Empezó el partido y rápidamente con apenas seis minutos de juego el árbitro danés Nielsen, pitó un penal para Argentina que Gabriel Omar Batistuta cambió por gol –casi lo ataja Seaman-. Siguieron las acciones, ida y vuelta, aquí y allá. Cuatro minutos después y quizá con el pito muy caliente, el colegiado pitó otro penal, pero esta vez para Inglaterra. Alan Shearer tomó la pelota y sin contemplaciones fusiló a Roa e igualó el marcador. El partido no daba respiro, y seis minutos después, a un ritmo frenético, el joven Michael Owen en una corrida memorable ponía en ventaja a la selección de los tres leones.
El partido estaba al rojo vivo y Kopaczen sabía que tenía que irse, pero no quería.

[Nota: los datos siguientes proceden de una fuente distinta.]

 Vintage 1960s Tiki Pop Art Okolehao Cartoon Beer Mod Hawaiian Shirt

Aun así, al ver una leve tregua de 28 minutos con el marcador y las acciones parejas, decidió no aplazar más su obligación algo pospuesta de guardar su auto donde lo hacia todas las noches. Tomó las llaves, se puso su gorra, abrió la puerta y se dispuso a salir; no había puesto un pie afuera cuando el otro protagonista de esta historia, el Pupi Zanetti, después de una jugada de laboratorio que perpetraron Verón, Batistuta y él; la mandó a guardar para darle el empate a Argentina. 2 a 2. Gol del camisa 22. Era una señal. Quedémonos, dijo Kopaczen, quien una vez más aplazó sus deberes por culpa de la bola.

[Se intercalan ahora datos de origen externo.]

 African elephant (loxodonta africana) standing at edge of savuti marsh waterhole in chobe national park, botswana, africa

Segundo tiempo en marcha, partido reñido, expulsión de Beckham de por medio; nerviosismo de tiempo extra y gol de oro, ocurrió lo impensado: Todo fue confusión y caos; las amenazas se habían cumplido, el auto de Kopaczen estalló justo enfrente de su casa. Una explosión ensordecedora dejo perplejo al fiscal, que de no haber sido por ese gol de Zanetti, habría volado en mil pedazos y su vida se habría acabado.
El Pupi hizo muchos goles en su admirable carrera en Inter y en la selección Argentina, pero seguro, ninguno fue como este, el cual le permitió salvar una vida. Fue obra del destino, ese destino que fue su asistidor; el ángel de la guarda de Kopaczen le habilitó de diestra y selló su destino. Cuando no toca, no toca; ese fue el toque-toque del momento bisagra de la vida del fiscal polaco. El mayor premio de la carrera del Tractor Zanetti no fue un triplete, una Champions, una Liga Italiana, ni algo parecido, fue una carta de Kopaczen agradeciéndole por haber conectado ese remate con la zurda y vulnerar el arco inglés, por haber metido el gol de su vida y salvarlo de un trágico destino.